TASK DETAILS:
Only the text of the records belongs in the answer; the pictures must be dropped.

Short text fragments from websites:
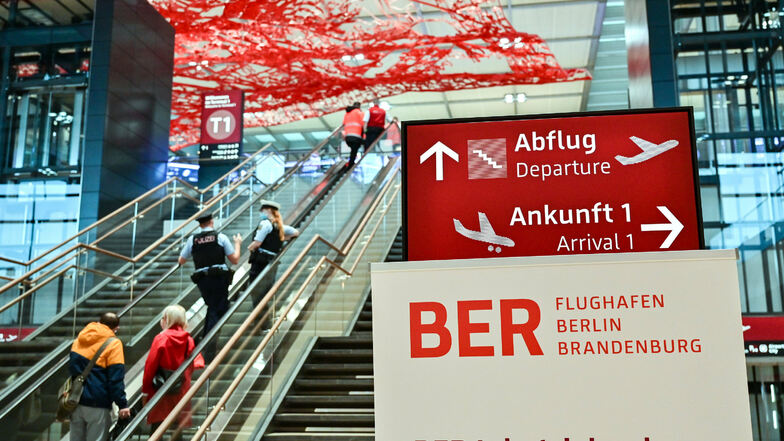 Der neue Hauptstadtflughafen BER ist nach jahrelangen Verzögerungen am Samstag eröffnet worden.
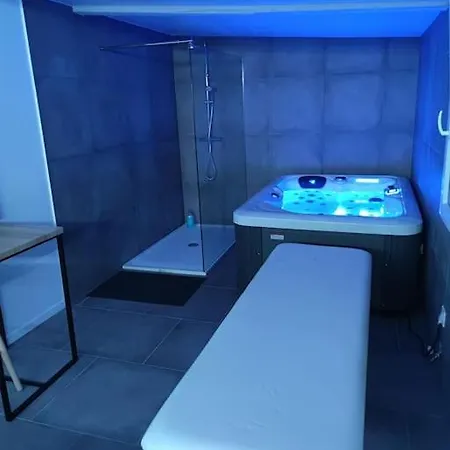 Апартаменты Jaccuzzi A 15 Mn De Roissy Fosses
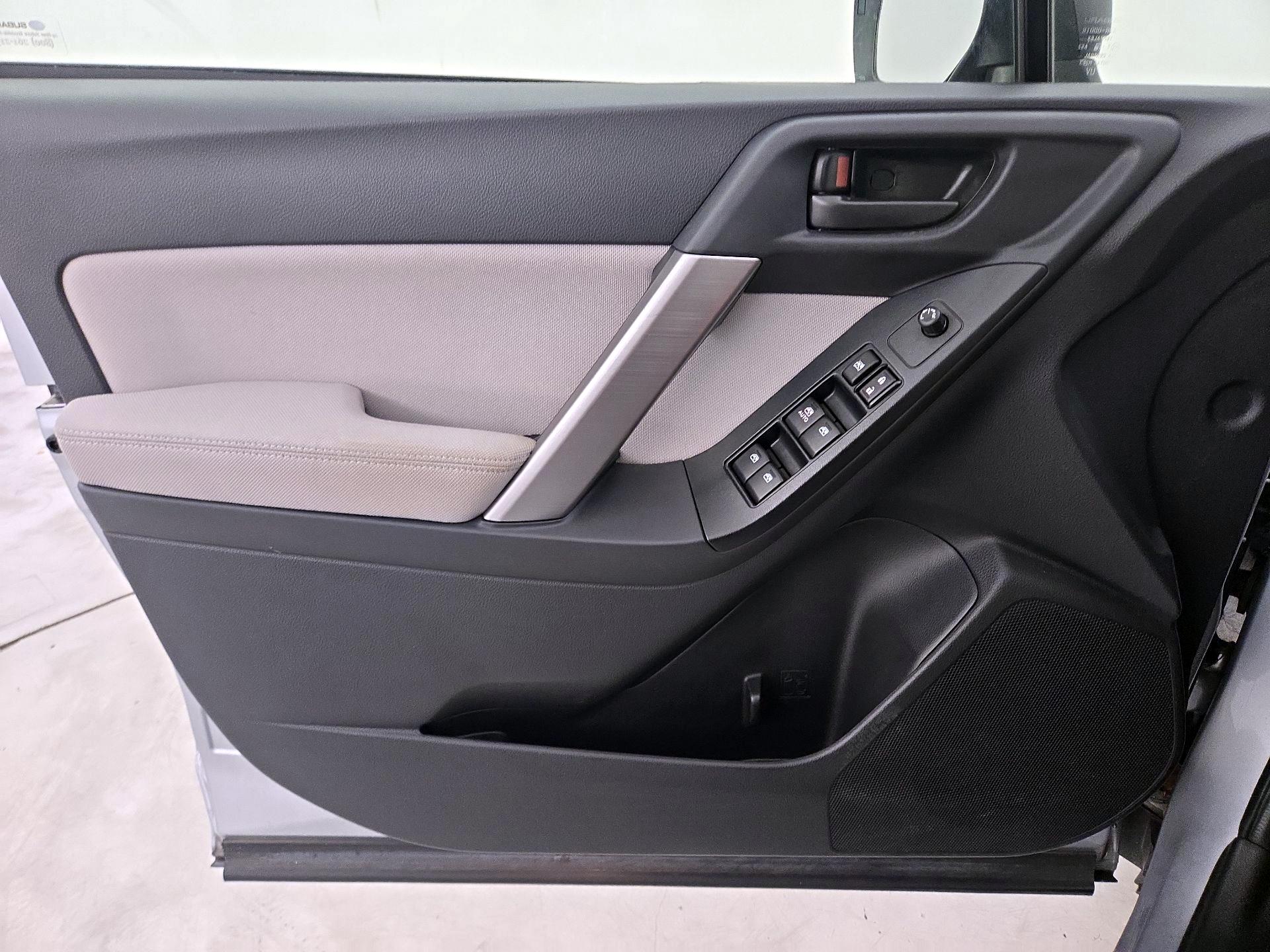 Thumbnail: 2015 Subaru Forester - 12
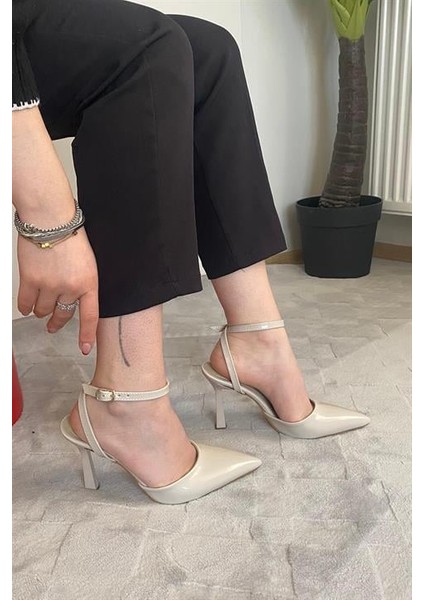 Kadın Krem Rugan Bilekten Bağlamalı 10 cm Ince Topuklu Ayakkabı indirimleri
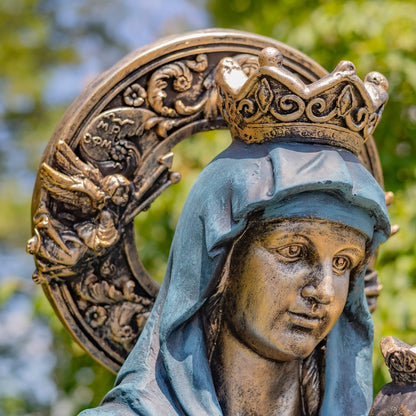 Close up of Face Our Lady of Perpetual Help Outdoor Statue – Blessed Mother and Child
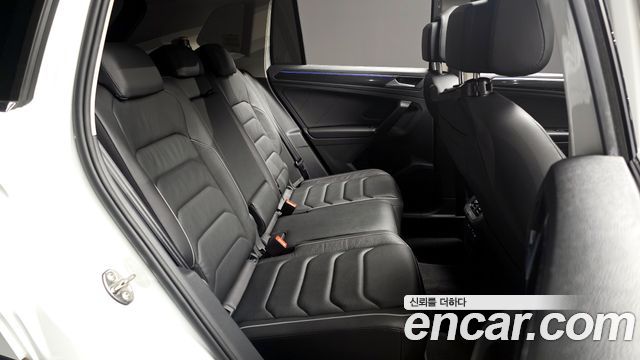 Volkswagen Tiguan 2021 — photo 17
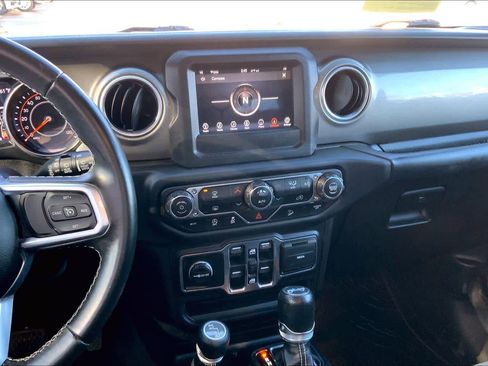 Used 2018 Jeep Wrangler Unlimited Sahara w/ Dual Top Group image 7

RESPONSE:
 Der neue Hauptstadtflughafen BER ist nach jahrelangen Verzögerungen am Samstag eröffnet worden.
 Апартаменты Jaccuzzi A 15 Mn De Roissy Fosses
 Thumbnail: 2015 Subaru Forester - 12
 Kadın Krem Rugan Bilekten Bağlamalı 10 cm Ince Topuklu Ayakkabı indirimleri
 Close up of Face Our Lady of Perpetual Help Outdoor Statue – Blessed Mother and Child
 Volkswagen Tiguan 2021 — photo 17
 Used 2018 Jeep Wrangler Unlimited Sahara w/ Dual Top Group image 7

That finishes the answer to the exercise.